Thin Film Nanocomposite Membranes: control over the position of the filler / Dunne Film Nanocomposiet Membranen: controle over de positie van de vuller

Rhea
Verbeke

Van koffiefilters tot waterzuivering

De wekker gaat af. Je staat op, loopt de trap af en zet op de ouderwetse manier een kop koffie: koffiepoeder in het filterzakje, warm water erover, even wachten en tadaaa daar is die lekkere kop koffie. Zonder het te weten heb je net gebruik gemaakt van een veelbelovende tak van de wetenschap: membraantechnologie. Een chemisch membraan kan gezien worden als een filter: een stof gaat erdoor (water) en een ander wordt tegen gehouden (koffiepoeder). De toepassingen zijn veelbelovend en reiken, zoals je zelf al had gedacht, veel verder dan het zetten van een kop koffie. Zou het bijvoorbeeld niet fantastisch zijn om van zeewater drinkbaar water te maken?

Chemische membranen

De meeste chemische membranen bestaan uit organisch materiaal – polymeren – waar kleine poriën in zitten.

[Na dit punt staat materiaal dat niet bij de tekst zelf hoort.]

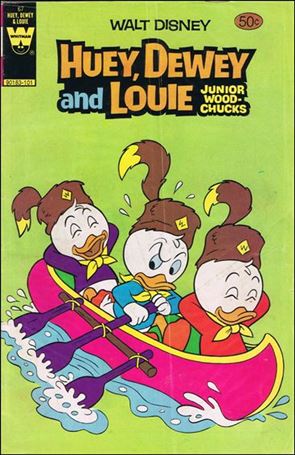 Walt Disney Huey, Dewey and Louie: Junior Woodchucks  issue 67-B 50 Cent Cover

Deze poriën moeten net groot genoeg zijn om de ene stof tegen te houden (zout/koffiepoeder) en de andere door te laten (water). Het vermogen van een membraan kan omschreven worden via retentie en permeabiliteit. Met retentie bedoelt men hoe goed het membraan in staat is om een stof tegen te houden. De permeabiliteit is het volume solvent (water) dat door het membraan heen kan per tijdseenheid.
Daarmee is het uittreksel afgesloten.